Critères de l'obligation de reclassement

Pour remplir son obligation de reclassement, l'employeur doit suivre plusieurs étapes et respecter certains critères :

  1. Recherche active de postes adaptés : L'employeur doit entreprendre toutes les démarches nécessaires pour identifier les postes disponibles au sein de l'entreprise ou du groupe qui pourraient convenir aux capacités restantes du salarié. Cette recherche doit être active et exhaustive, tenant compte des qualifications, de l'expérience professionnelle et des compétences du salarié, ainsi que des recommandations du médecin du travail.
  2. Consultation des représentants du personnel : Avant de proposer un poste de reclassement, l'employeur doit consulter les représentants du personnel, notamment le Comité social et économique (CSE), s'il existe. Cette consultation est obligatoire et doit être réalisée pour chaque proposition de reclassement, comme le stipule l'article L.1226-10 du Code du travail.
  3. Compatibilité avec les capacités du salarié : Le poste proposé doit être compatible avec les capacités physiques et mentales du salarié, telles qu'évaluées par le médecin du travail. Cela peut impliquer des adaptations du poste initial, des modifications de l'environnement de travail, ou même une transformation complète du poste pour s'assurer qu'il répond aux besoins de santé du salarié.
  4. Proposition de postes dans d'autres établissements : Si aucun poste adapté n'est disponible dans l'établissement où le salarié travaille, l'employeur est tenu de rechercher des possibilités de reclassement dans d'autres établissements de l'entreprise ou du groupe, en France ou à l’étranger, sous réserve de l’accord du salarié pour une mobilité géographique.
  5. Informations écrites au salarié : L’employeur doit informer le salarié par écrit des propositions de reclassement, en détaillant les caractéristiques des postes proposés et en expliquant comment ils répondent aux préconisations du médecin du travail.

Peut-on proposer un reclassement avec une baisse de salaire ?

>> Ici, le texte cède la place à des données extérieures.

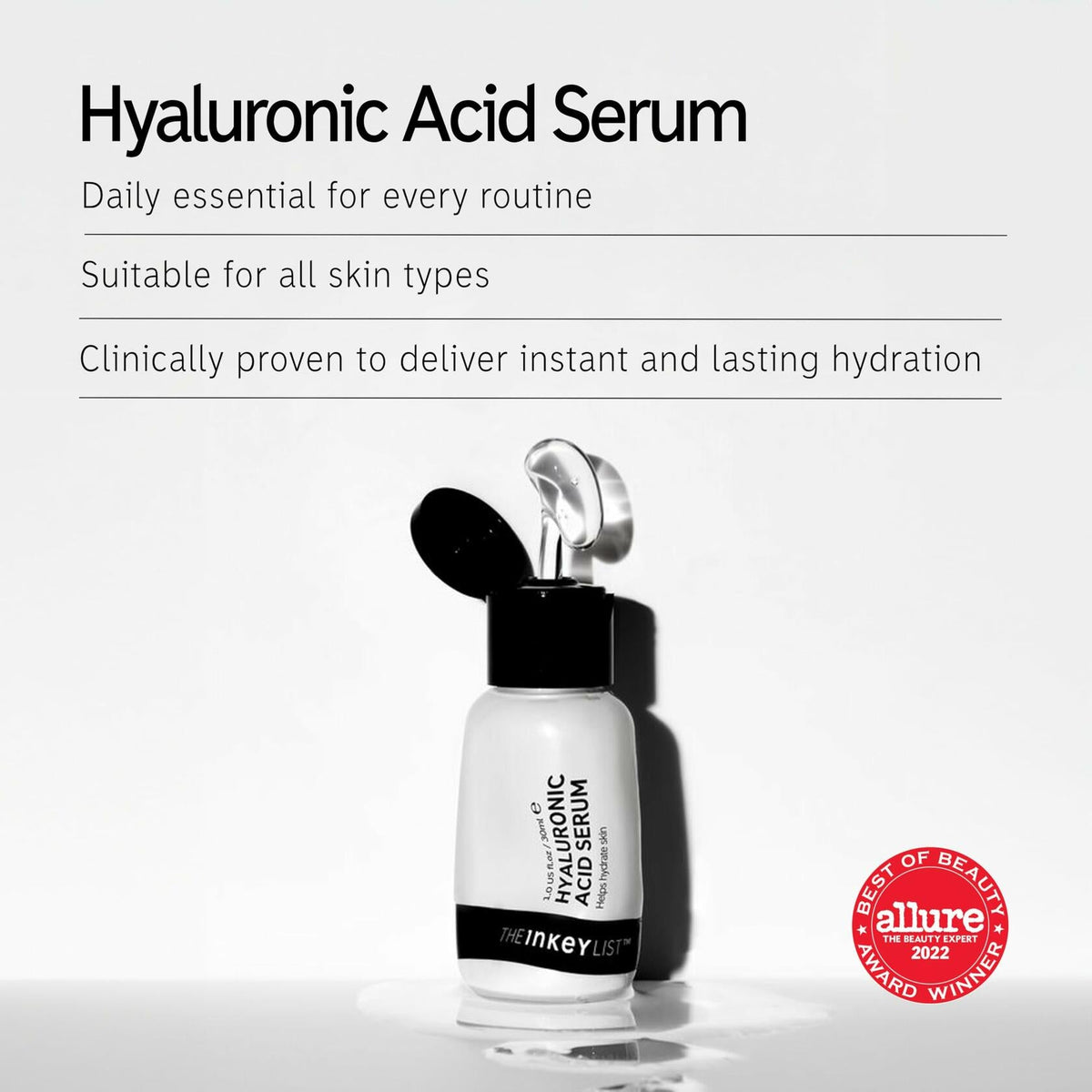 The INKEY List Hyaluronic Acid Serum 1oz - Hydrating Plump Smooth Skin New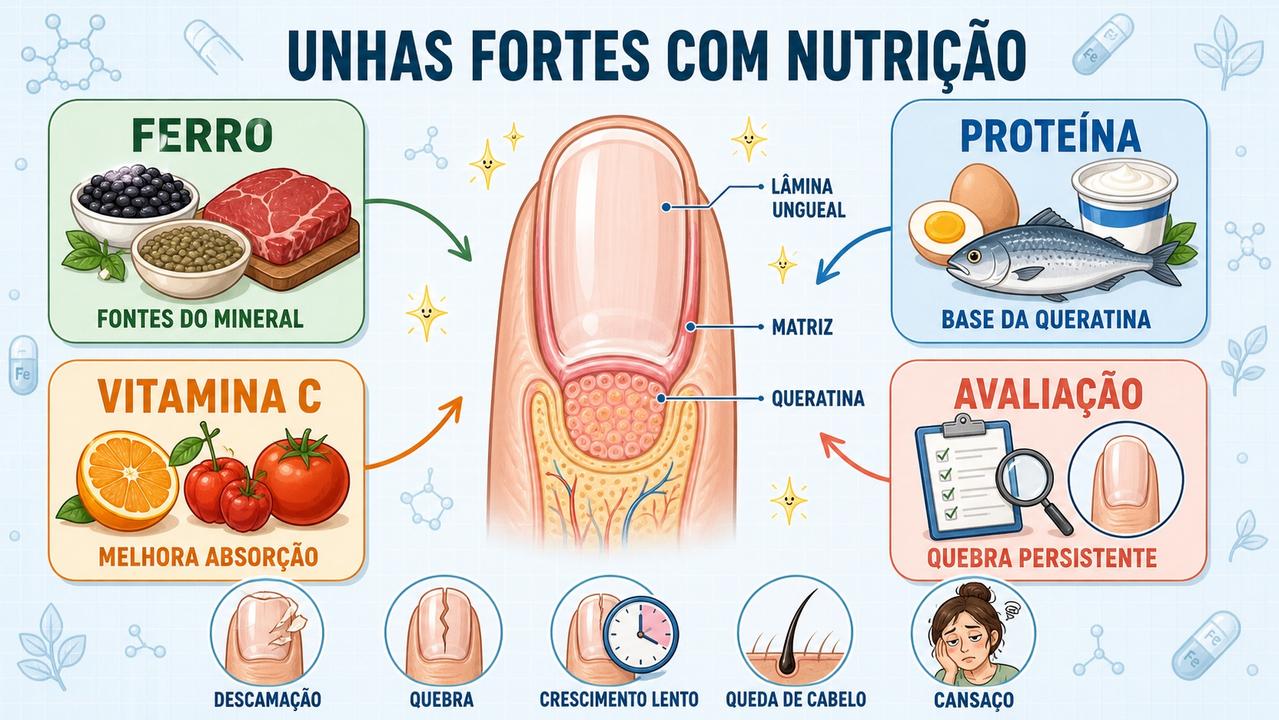 Ferro, proteína, vitamina C e avaliação explicam pilares para unhas mais fortes.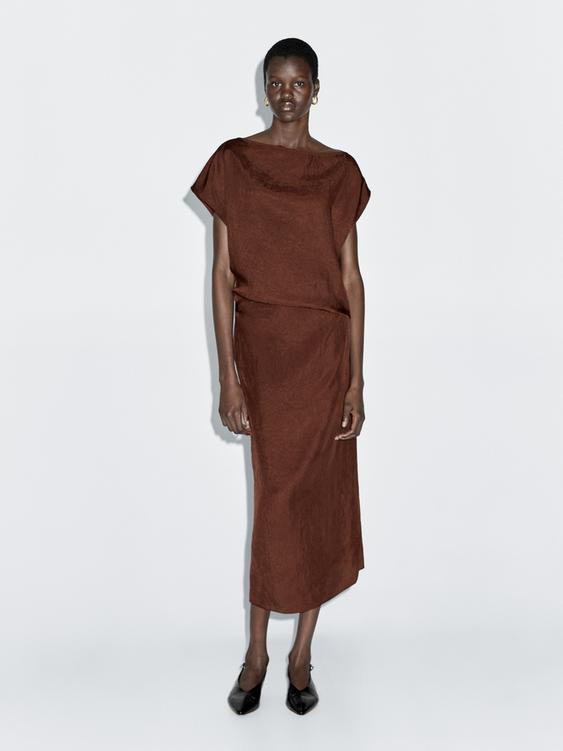 Long dress with gathered waist detail | Zara US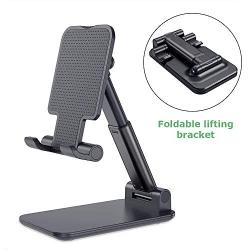 Esonstyle Cell Phone Stand Tablet Stand Foldable Portable Desktop Stand Adjustable Height and Angle Phone Holder for Desk Sturdy Aluminum Metal Stand Compatible with iPhone 11 Pro XS Max XR X Samsung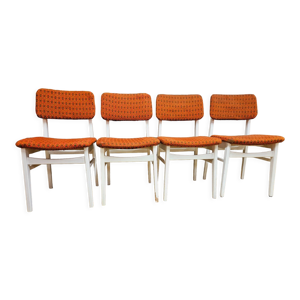 Lot de 4 chaises scandinaves 1970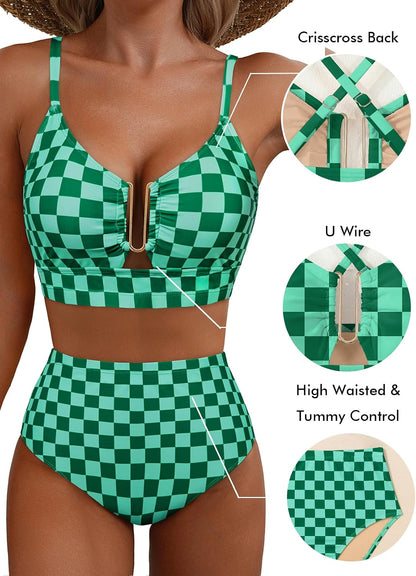 HOTHerseas Women's U Wire 2 Piece High Waisted Floral Print Bikini Sets | 2 Piece U Wire Cute Bikini Sets, Beach Vacation Crisscross Back Swimsuits, Removable Pad High Cut Bathing Suits for Women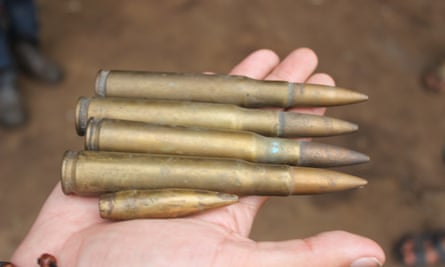 Bullets that traditional divers say they retrieved from old warships.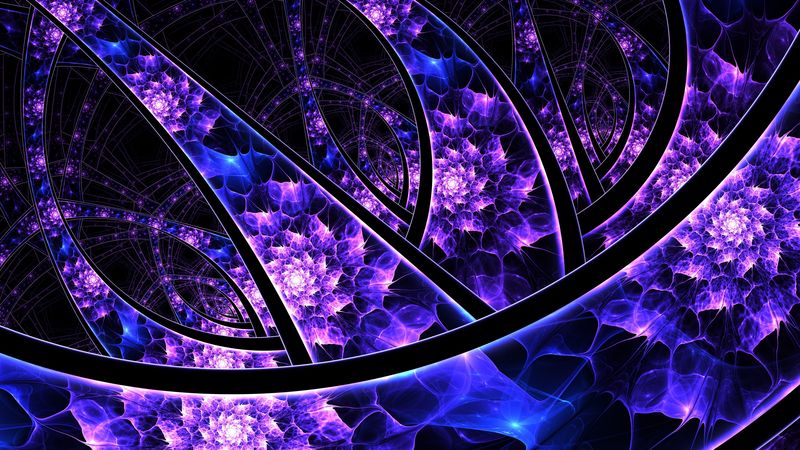 fractal, tangled, lines, glow, abstraction, 4k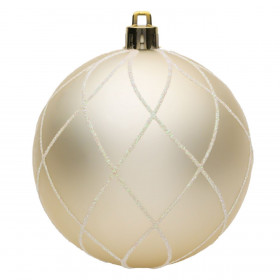 Σετ Χριστουγεννιάτικες Μπάλες Σαμπανί Ματ Σχέδιο Δίχτυ Glitter 8 cm - 6 τμχ.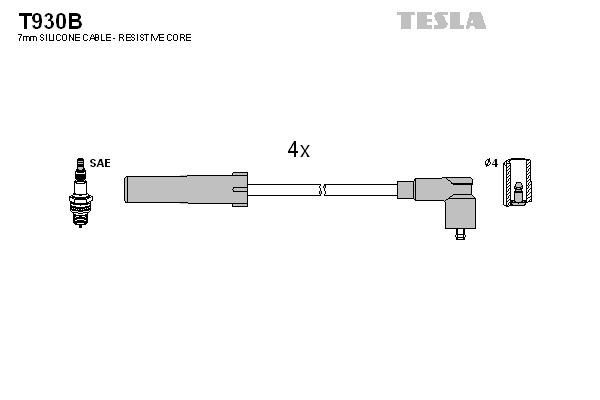 Set cablaj aprinder T930B TESLA - Fisa bujie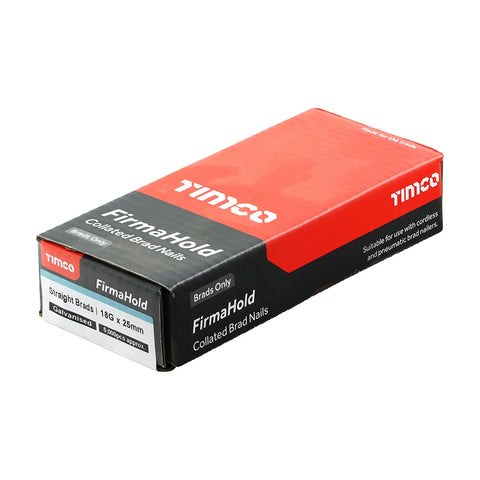 Timco FirmaHold Collated Brad Nails - 18 Gauge - Straight - Galvanised 18g x 25 BG1825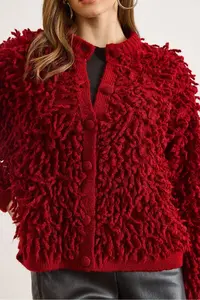 Olalook Women's Burgundy Coated Buttoned Tassel Knitwear Cardigan - Image 4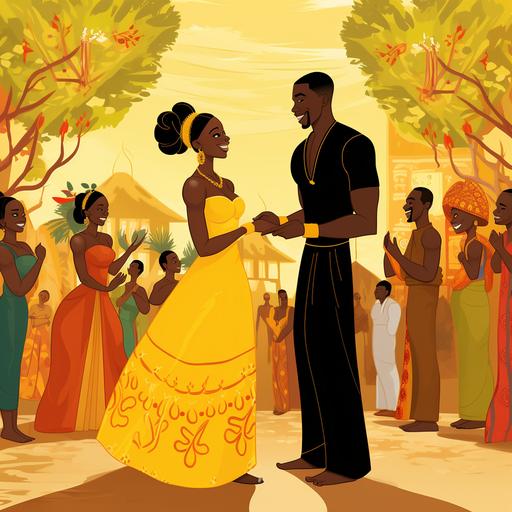 A joyful and colorful scene depicted in an animated style, reminiscent of a wedding ceremony. An African man in elegant attire. An African woman in a fully yellow dress. The word 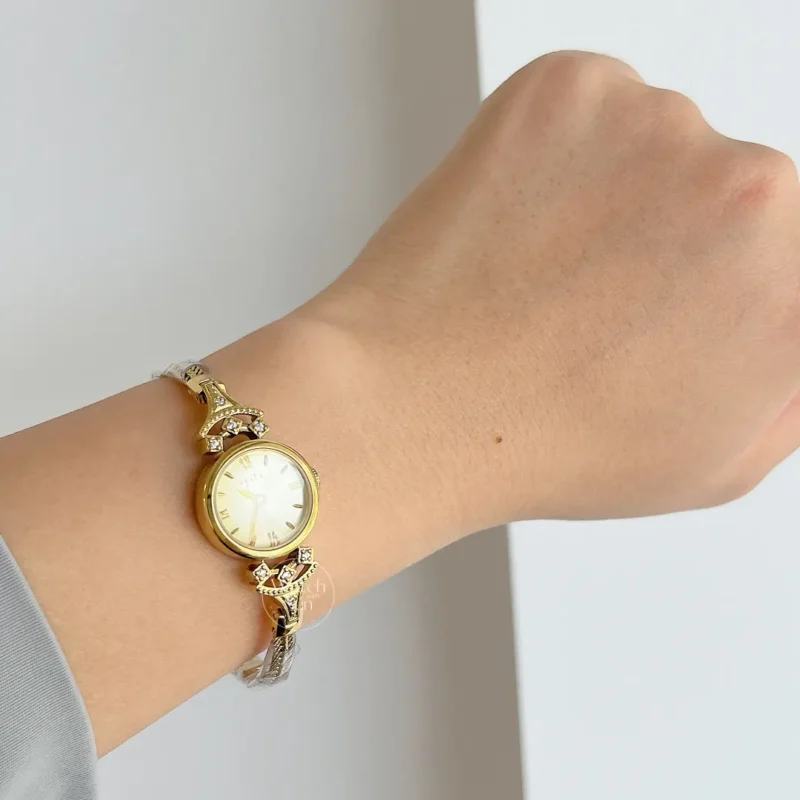 Chic Style Gold Round Stainless Steel Chain Watch for Women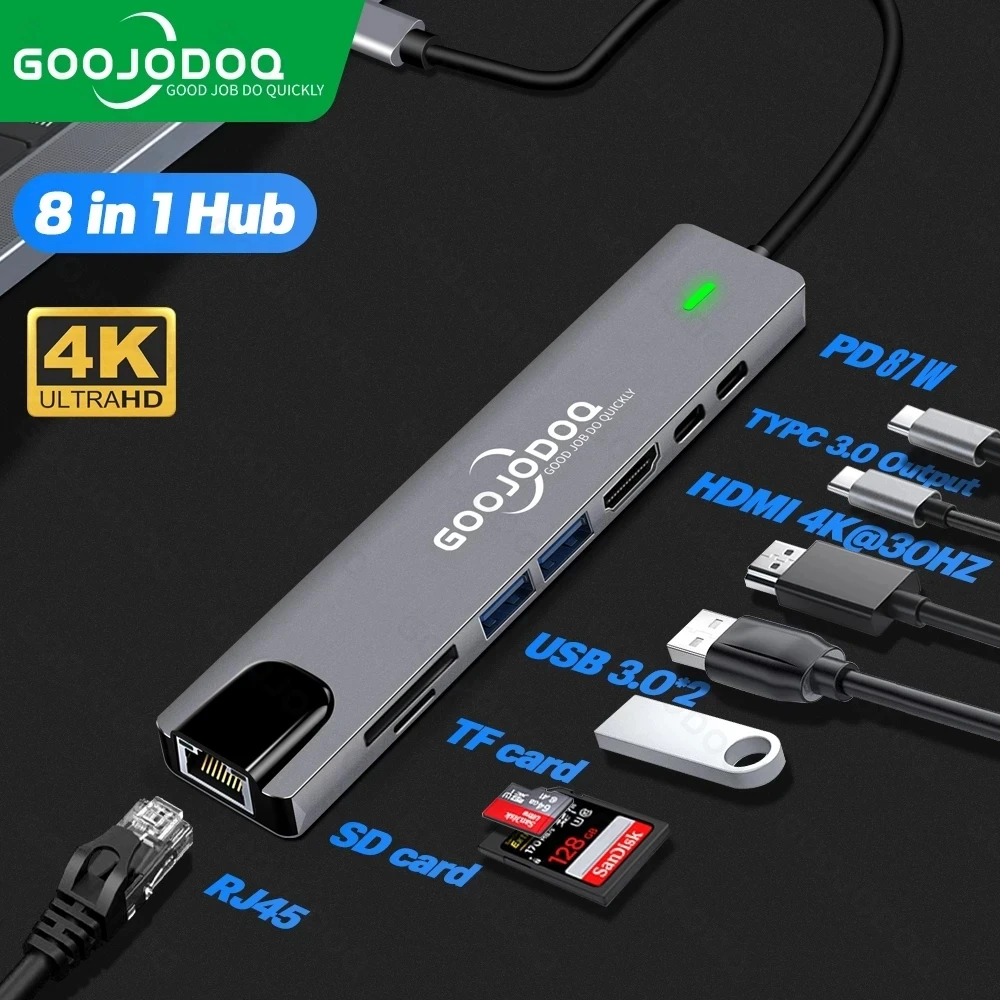 GOOJODOQ USB C HUB USB 3.0 Type C Adapter Hub to HDMI-compatible thunderbolt 3 PD USB C Dock for iPad Macbook Nintendo Switch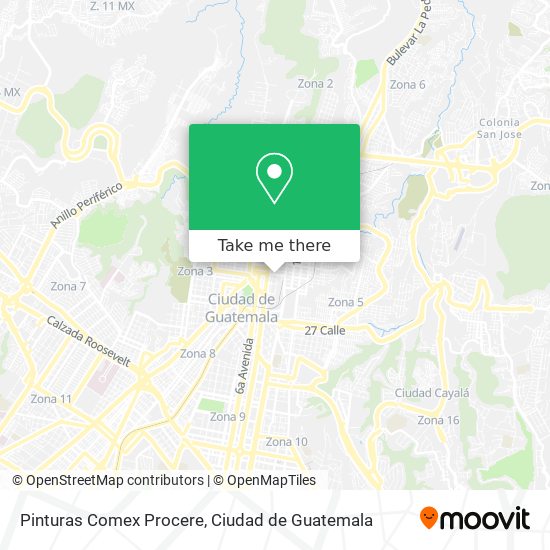How to get to Pinturas Comex Procere in Zona 1 by Bus?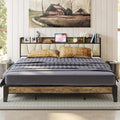 LIKIMIO King Bed Frame, Storage Headboard with Charging Station, Solid and Stable, Noise Free, No Box Spring Needed, Easy Assemb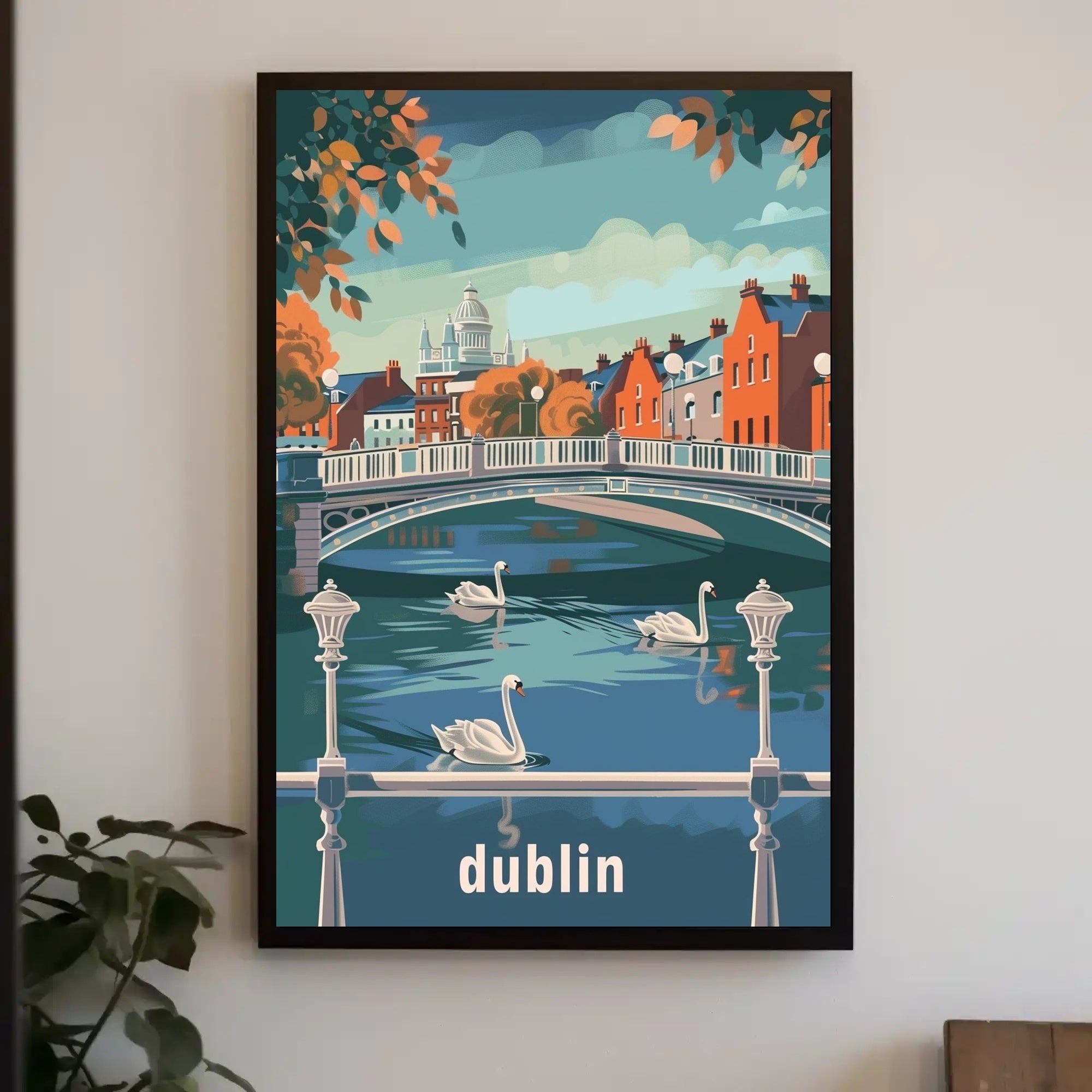 Dublin Riverside Tranquility: Urban or Cityscape Poster PosterGoat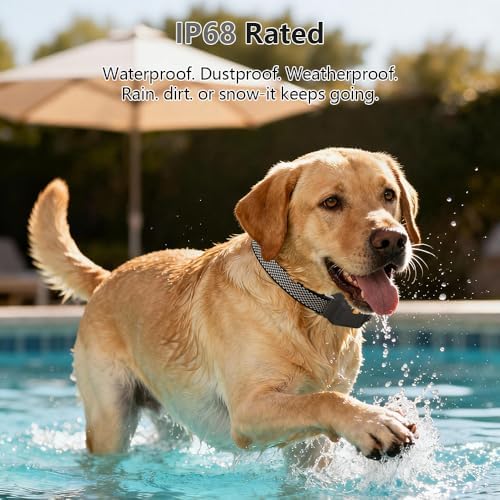 GPS Dog Collar Fence System: 7x24 Real-Time GPS Tracking, Health Monitoring, Virtual Fence, IPx7 Waterproof Design for Dogs and Multi-Pets Virtual Fence & Escape Alerts, 5-Day Battery Life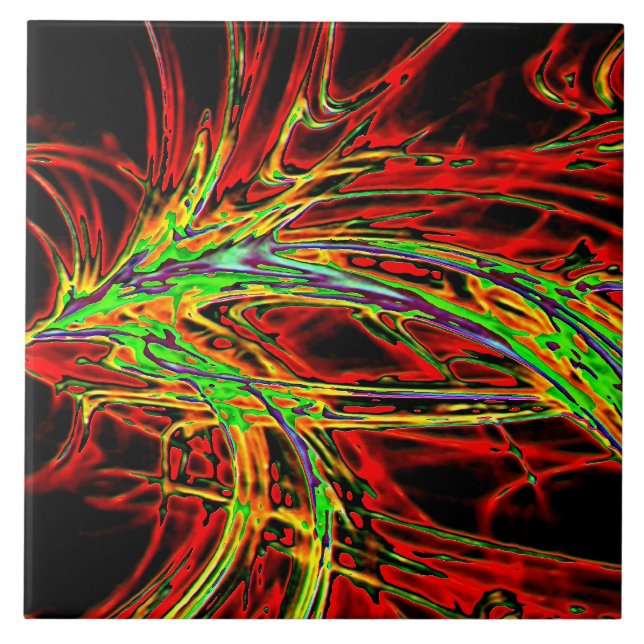 Azulejo De Cerâmica Arco-Íris iluminado de chamas (Frente)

Oui, il est possible pour un employeur de proposer un poste de reclassement impliquant une réduction de la rémunération, mais cette possibilité est encadrée par des conditions strictes. L'obligation de reclassement impose à l'employeur de trouver un poste aussi comparable que possible au précédent. Cependant, lorsque cela n'est pas réalisable, l'employeur peut envisager un poste de reclassement qui comporte des modifications importantes, y compris une baisse de salaire.

La Cour de cassation a confirmé cette possibilité dans une décision récente (Cass. soc., 13 mars 2024, n° 22-18.758). Dans ce cas, l'employeur avait proposé un poste de reclassement à mi-temps, entraînant une diminution substantielle de la rémunération. La Cour a jugé que l'employeur avait satisfait à son obligation de reclassement, car le poste proposé était conforme aux préconisations du médecin du travail et l’employeur avait démontré qu’il n’y avait pas d’autre poste disponible respectant les exigences du reclassement.

Les critères essentiels à respecter

Pour qu’une proposition de reclassement avec baisse de salaire soit considérée valide, plusieurs critères doivent être respectés :

  • Conformité aux recommandations médicales : Le poste proposé doit être pleinement compatible avec les capacités physiques et mentales du salarié, telles que définies par le médecin du travail. Il doit correspondre aux restrictions et adaptations recommandées par ce dernier.
  • Recherche de solutions adaptées : Avant de proposer un poste impliquant une diminution de salaire, l’employeur doit avoir exploré toutes les autres possibilités de reclassement. Cela inclut des adaptations du poste initial ou des aménagements de l’environnement de travail. L’employeur doit démontrer qu’il a tout mis en œuvre pour éviter une baisse de salaire, et que cette option est une solution de dernier recours.
  • Respect des procédures légales et conventionnelles : L’employeur doit respecter toutes les procédures légales, y compris la consultation des représentants du personnel et l’information du salarié. De plus, il doit se conformer aux dispositions de la convention collective applicable, qui peut prévoir des règles spécifiques en matière de reclassement et de modification des conditions de travail.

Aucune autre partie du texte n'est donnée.